At the risk of keeping you from reading GATJ yourself, what follows is a brief summary of every chapter under section headings. Please know, such a summary will never replace reading Gospel According to Jesus yourself; it is so helpful if one wants the gospels to come alive. Nevertheless, I hope that a quick survey of the chapters might stir you up to seek it further. 


(I Introduction: I’m skipping this section, which includes chapters one and two, in my summary)


II Jesus heralds his gospel

3 He calls for a new birth (Jn.3: To Nicodemus, “you must be born again”) 

4 He demands true worship (Jn.4: To the Woman, “Father must be worshiped in spirit and truth”) 

5 He receives sinners and refuses the righteous (Mt.8-9: Only the unwell/sinners can get  in on this) 

6 He opens blind eyes (Jn.9: Blind man didn’t “see the light”; Jesus opened his eyes

7 He challenges an eager seeker (Mt.19: Rich young man was proud and didn’t know it; Jesus wasn’t going to let him come amiss) 

8 He seeks and saves the lost (Lk.19: Zaccheus) 

9 He condemns a hardened heart (Judas—heart can harden though in Jesus’ presence) 

10 He offers a yoke of rest (Mt.11:28-30 Invites broadly, promising rest; but we only come if He gives it to us, 11:27)


III Jesus illustrates his gospel 

11 The Four Soils (Mt.13:3-9, 18-23: only one soil was ready to bear the desired fruit; most who hear the gospel won’t come and stay following Jesus) 

12 Wheat and Tares (Mt.13:24-30, 36-43: the ungodly can seem righteous and fool everyone. But God knows who is who) 

13 Treasure in the field (Mt.13:44 coming to faith means joyfully leave all for Christ) 

14 Laborers in the field (Mt.20:1-16: It’s all grace, no one earns more than the other. All who come to Christ want to labor for him because he’s good.) 

15 Lost and found: Lost sheep, coin, and son (Lk.15: God is active in seeking and finding; the lost must see themselves as lost in order to “come home”) 

16 Vine and branches (Jn.15:1-12 believers are united to Christ by faith; but some are broken off because they’re not fully plugged in, bearing fruit) 


IV Jesus explains his gospel 

17 Call to repentance (Mt.4:17, 21:28-32 Parable of two sons: God becomes preeminent in our lives; there are only two types of people, those who feign repentance and those are rebels who then repent) 

18 True faith (Mt.5, 18: True faith is lowliness (Mt.5:3-12 beatitudes) & child-like dependence, Mt.18:1-5) 

19 Promise of justification (Lk.18:9-14 parable: no delusions, the man begs for mercy) 

20 The way of salvation (Mt.7:13-23 Two ways, two crowds, & two destinations.
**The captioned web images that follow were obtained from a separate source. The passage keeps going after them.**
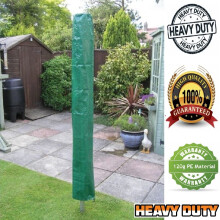 144cm Heavy Duty Garden Rotary Washing Line Cover Airer Parasol UK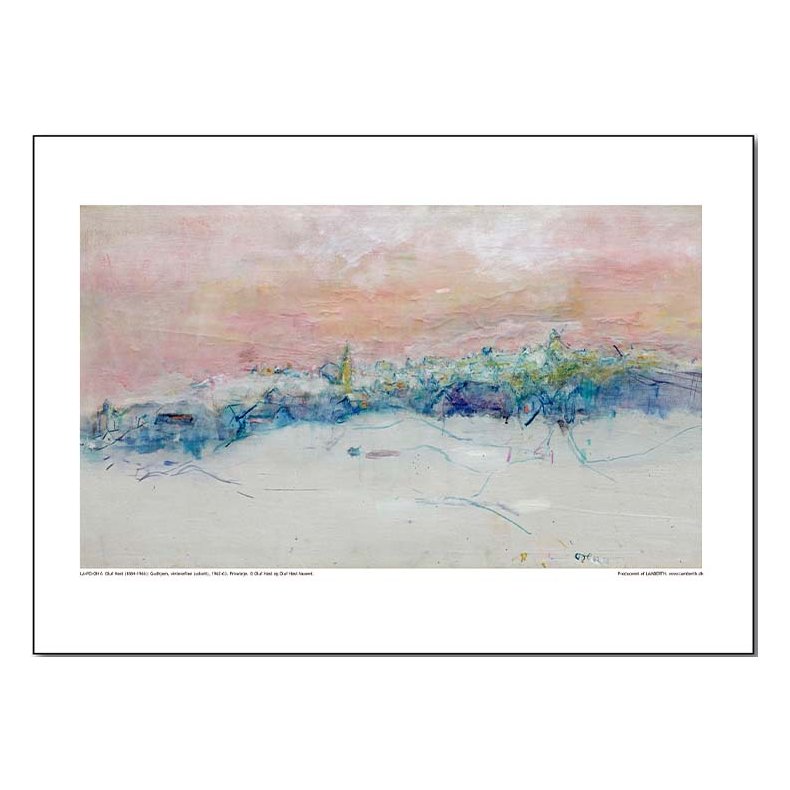 Oluf Hst plakat 30x40cm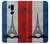 S2859 Vintage France Flag Eiffel Tower Hülle Schutzhülle Taschen für LG G7 ThinQ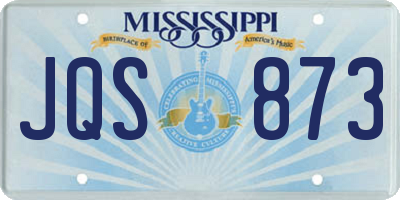 MS license plate JQS873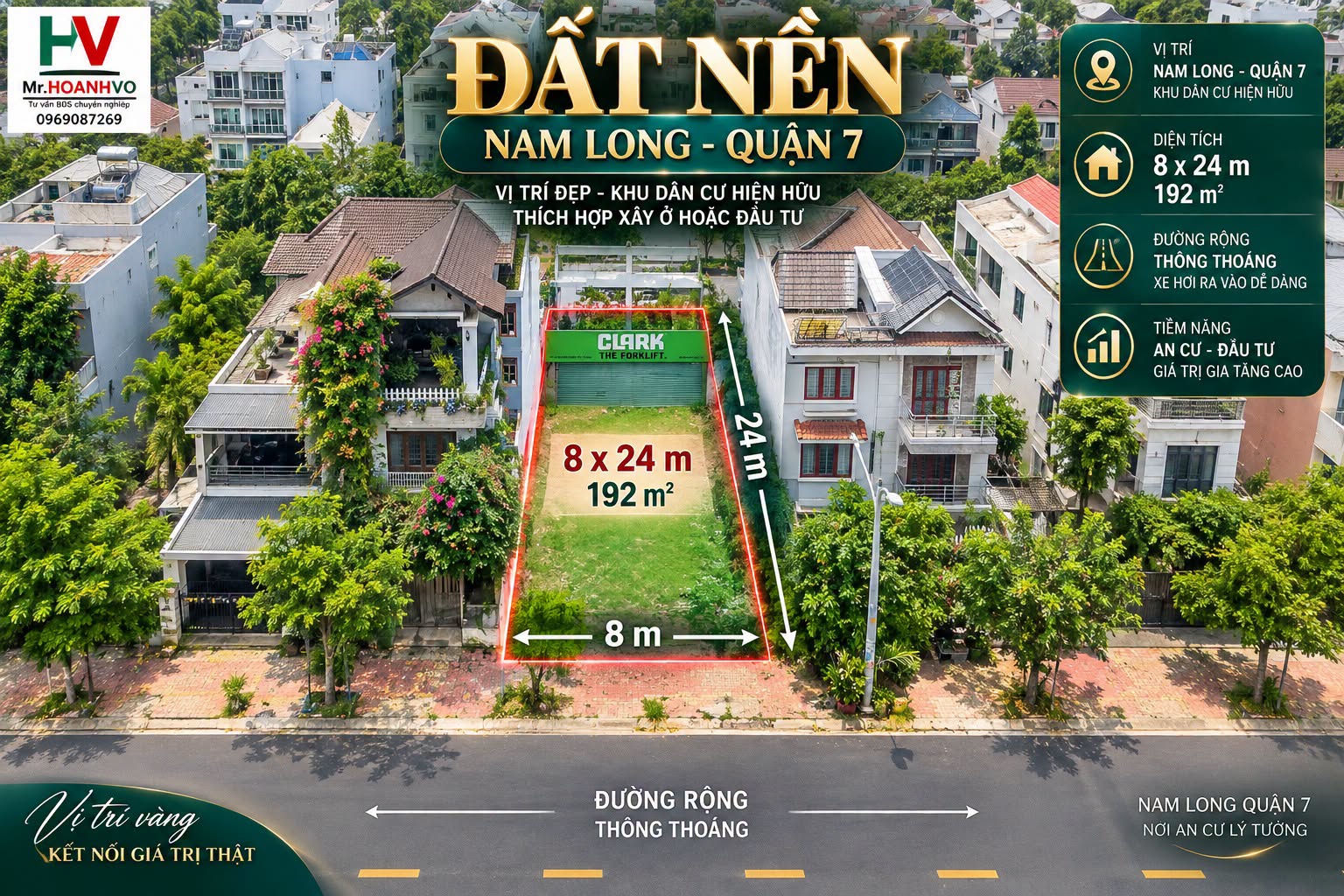 Đất Biệt thự Nam Long Trần Trọng Cung
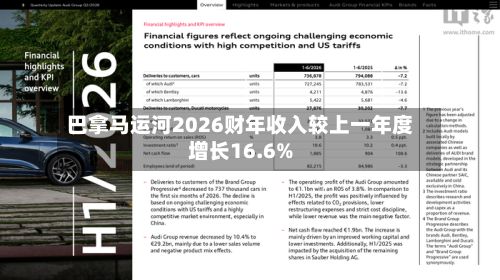 巴拿马运河2026财年收入较上一年度增长16.6%-第2张图片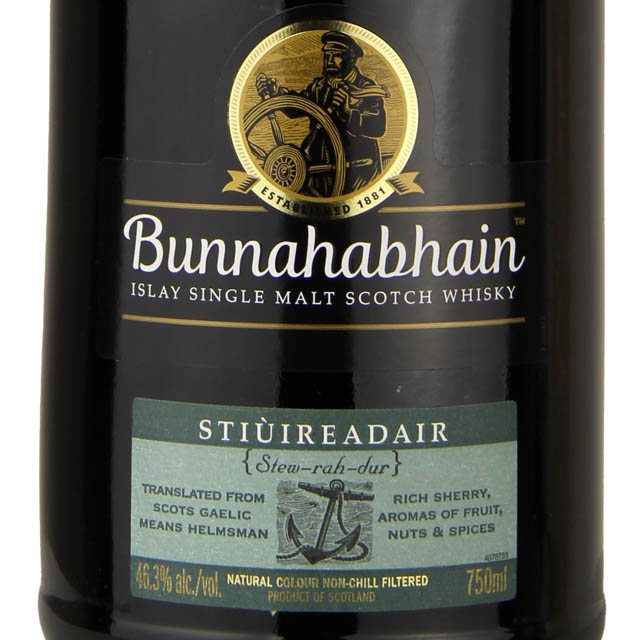Bunnahabhain Stiuireadair Islay Single Malt Scotch Whisky / 750 ml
Choose wisely) 

21 Certainty of judgment (Mt.7:21-27: Saying without doing=empty words; hearing without obeying=empty hearts) 

22 Cost of discipleship (Mt.10:34-49 “I’ve not come to bring peace…father and moth”: Unquestioning loyalty to Christ) 

23 Jesus is Lord (Jn.7:30: his arrest didn’t happen prematurely, because he’s Lord of all) 


V Jesus fulfills his gospel 

24 “It is finished” (Jn.19:30: we don’t need to add to his work, because it’s magnificent in itself; our work shows him in us.) 


If you would have told me in early 2017 that by late 2025 we would have lost Sproul, Packer, Keller, and Macarthur, I would have said, “No way—what can happen if we lose them all so close to each other?” But a work like GATJ stands as a testament that Jesus’ gospel continues on wherever there are faithful believers opening their Bibles, choosing “the good portion” (Lk.10:42), and inviting others to do the same. I’m so grateful for all of these men; or, put better, for the Lord’s work through them. His working through us explains why we can sometimes still be fools and yet be capable of doing great, life-giving things. None of these men were perfect men (though they are now), but God used them powerfully. If the Lord wasn’t in us, our lives would be only foolishness, right? Better is to plug into the Author of life (Ac.3:15) under his promise that he’ll use us to bring saving goodness into the world he created for his glory. 


Thanks Lord for John MacArthur, and for how you used his gospel labors to crystalize my utter confidence in Scripture. Raise up more gospel laborers, great Lord of the Harvest.